AIPTLF 2025 - du 8 au 11 juillet 2025
Qualité de Vie :
Du Travail aux Autres Sphères de l'Existence
Session : Session posters 1 - 9 juillet de 10h30 à 11h00
Harmonisation des pratiques professionnelles des correspondants QVT dans une TGE multirégionale
BERRI A. 1
1 Université Toulouse Jean Jaurès, Toulouse, France
La Qualité de Vie et des Conditions de Travail (QVCT) vise à améliorer les conditions d'exercice des salariés en conciliant performance et bien-être (ANACT, 2025). Dans les Très Grandes Entreprises (TGE), la loi Rebsamen (2015) et les accords interprofessionnels ont renforcé son intégration. Cette étude explore les défis d'harmonisation des pratiques dans un pôle QVT récent, où les référentiels professionnels restent à formaliser et où l’absence de reconnaissance officielle du rôle de correspondant QVT (CQVT) – en termes de titre, diplôme ou missions clairement définis – contribue à une identité professionnelle floue (Moodwork, 2021). Comme l’explique Clot (2008), cette identité se construit à la jonction des compétences et valeurs internes et d'un cadre organisationnel externe. Selon Beillerot (2003), une pratique professionnelle repose sur des règles de métier structurant l’activité. Ainsi, l’expérience terrain, les interactions entre CQVT et des valeurs partagées favorisent l’harmonisation et l’émergence d’une identité collective.

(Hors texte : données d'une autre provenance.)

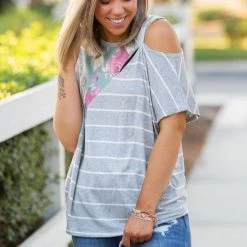 Boutique Simplified New Arrivals Flirty & Fun Short Sleeve Top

L'étude s'inscrit dans une approche de psychologie sociale et clinique du travail et a été menée dans le service QVT d'une TGE de 10 000 salariés, analysant les leviers et freins à l'harmonisation des pratiques. Les participants sont 8 CQVT (dont 6 à mi-temps), un responsable de projets QVT et le manager du pôle. Des entretiens semi-directifs ont permis d'explorer leur activité, leurs attentes et leurs besoins en structuration des pratiques. La grille d'entretien couvrait le parcours professionnel, la perception du rôle, du collectif de travail, des ressources et des besoins d'harmonisation.

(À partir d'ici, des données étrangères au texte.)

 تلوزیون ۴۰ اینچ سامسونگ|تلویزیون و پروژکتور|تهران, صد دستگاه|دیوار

L’analyse révèle que si les missions de prévention et de gestion curative sont globalement bien comprises, la charge de travail croissante, et non prévisible, engendre des tensions amplifiant un sentiment d’urgence et de qualité empêchée. Les vécus varient selon l’ancienneté, les ressources et la socialisation organisationnelle : certains expriment une surcharge et un manque de maîtrise, tandis que d’autres perçoivent une dynamique positive grâce à une meilleure régulation et des ressources adaptées. Bien qu’il existe une forte attente d’harmonisation et de structuration, notamment via des outils communs, cet enjeu reste peu investi. Parmi les freins identifiés figurent la surcharge de travail, la multiplicité des rôles, le manque de temps, les disparités entre siège et régions et l'accès limité à des ressources-clés (soutien managérial, formations, outils).

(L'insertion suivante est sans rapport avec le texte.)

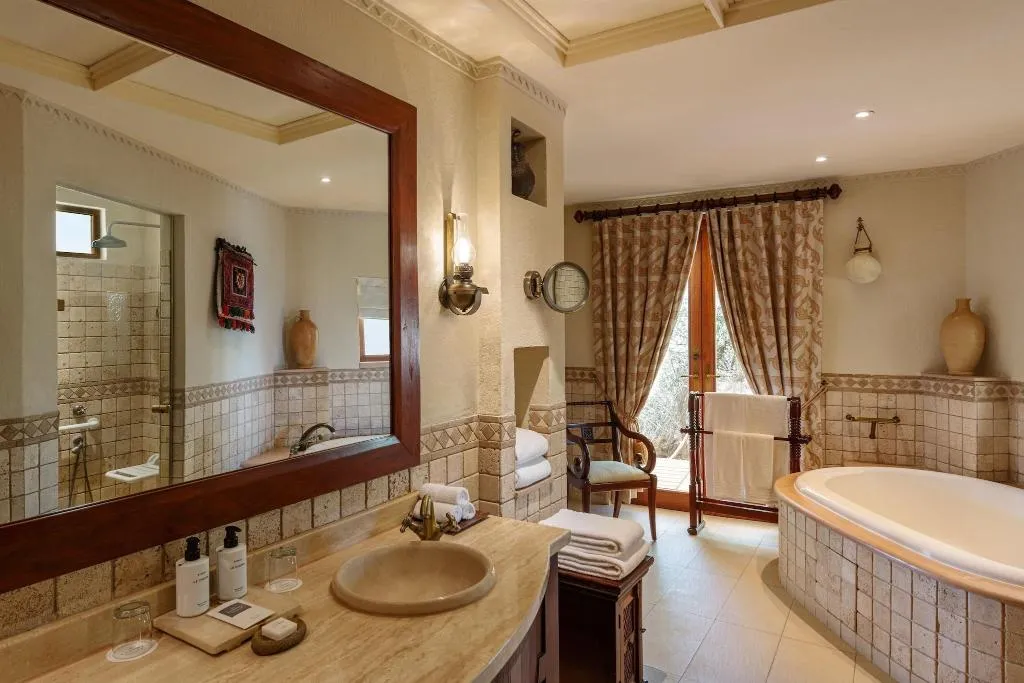Room, Al Maha, a Luxury Collection Desert Resort & Spa, Dubai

Ces freins pourraient être levés par la mobilisation de dynamiques sociales propres au groupe. Tajfel et Turner (1979) soulignent que ce processus nécessite une renégociation identitaire pour renforcer la cohésion du collectif. Pourtant, ces ajustements ne se font pas sans tensions (Clot, 2008). Les "disputes de métier" deviennent des espaces cruciaux pour co-construire des pratiques communes. Ces échanges peuvent être formels (formations, GAP) ou informels (socialisation organisationnelle et interactions quotidiennes). L'harmonisation ne vise pas une uniformisation des pratiques mais un équilibre entre individualités et exigences collectives (Dejours, 2019). Elle permet de structurer l'activité, de renforcer le sentiment d'appartenance et de sécurité, tout en favorisant collaboration, remise en question constructive et innovation. Ainsi, elle pourrait devenir un levier pour conjuguer efficience collective et respect des singularités professionnelles.